Copy nothing from the entries below except the lines from the one containing "купить Зарядное устройство" through the one containing "корм для хомяков Criceti – фото 11", and copy those exactly.

**Data listing**
--- --- ---
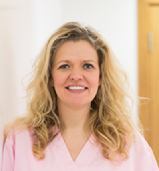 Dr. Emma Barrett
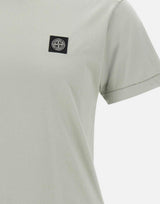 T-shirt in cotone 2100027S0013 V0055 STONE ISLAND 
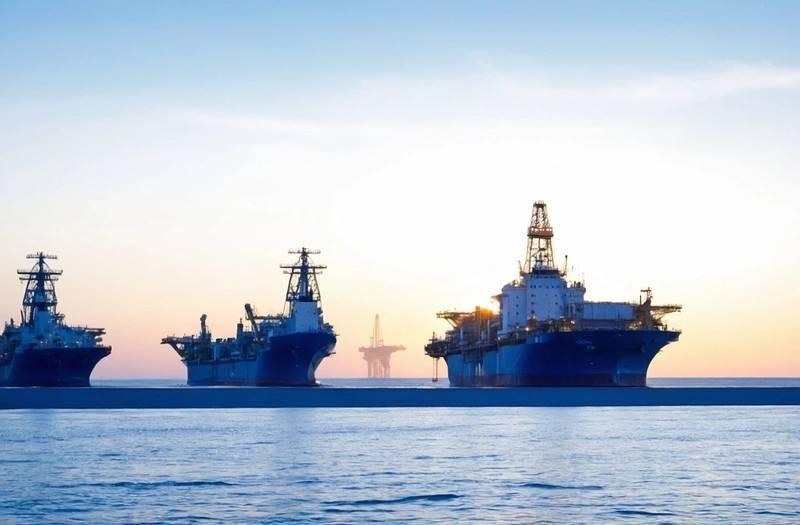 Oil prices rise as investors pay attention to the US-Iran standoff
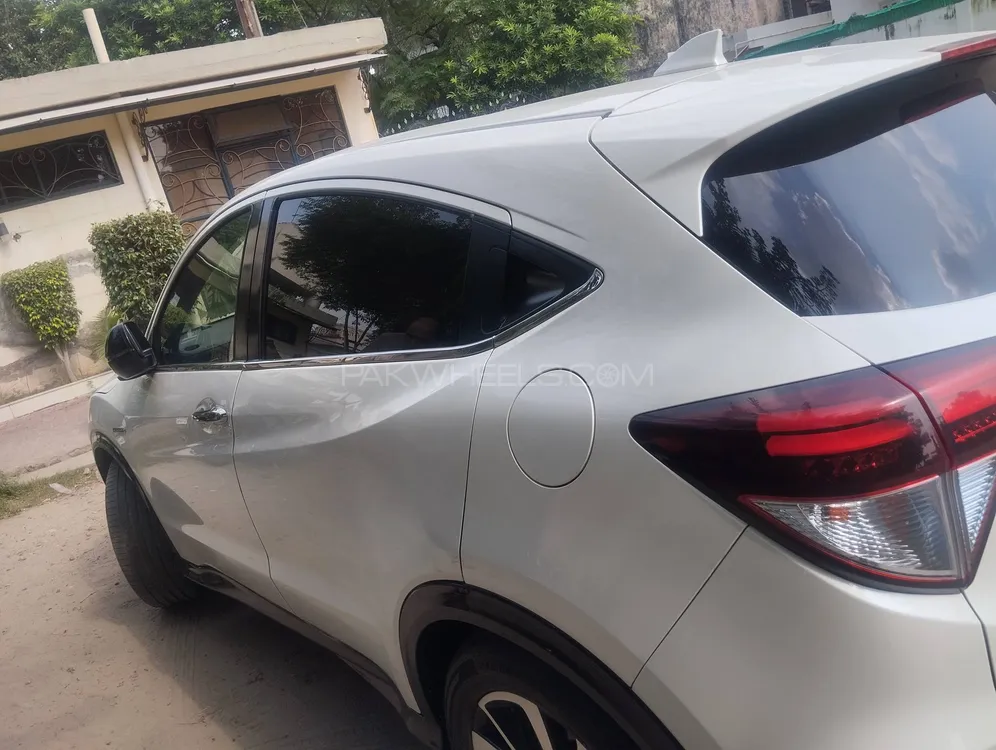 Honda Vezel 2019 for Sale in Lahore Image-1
--- --- ---
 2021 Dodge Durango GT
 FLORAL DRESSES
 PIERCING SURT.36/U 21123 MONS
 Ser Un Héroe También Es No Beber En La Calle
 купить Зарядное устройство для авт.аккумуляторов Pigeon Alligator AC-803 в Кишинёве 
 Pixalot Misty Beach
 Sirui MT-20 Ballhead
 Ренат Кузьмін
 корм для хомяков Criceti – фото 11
--- --- ---
**Answer section**
 купить Зарядное устройство для авт.аккумуляторов Pigeon Alligator AC-803 в Кишинёве 
 Pixalot Misty Beach
 Sirui MT-20 Ballhead
 Ренат Кузьмін
 корм для хомяков Criceti – фото 11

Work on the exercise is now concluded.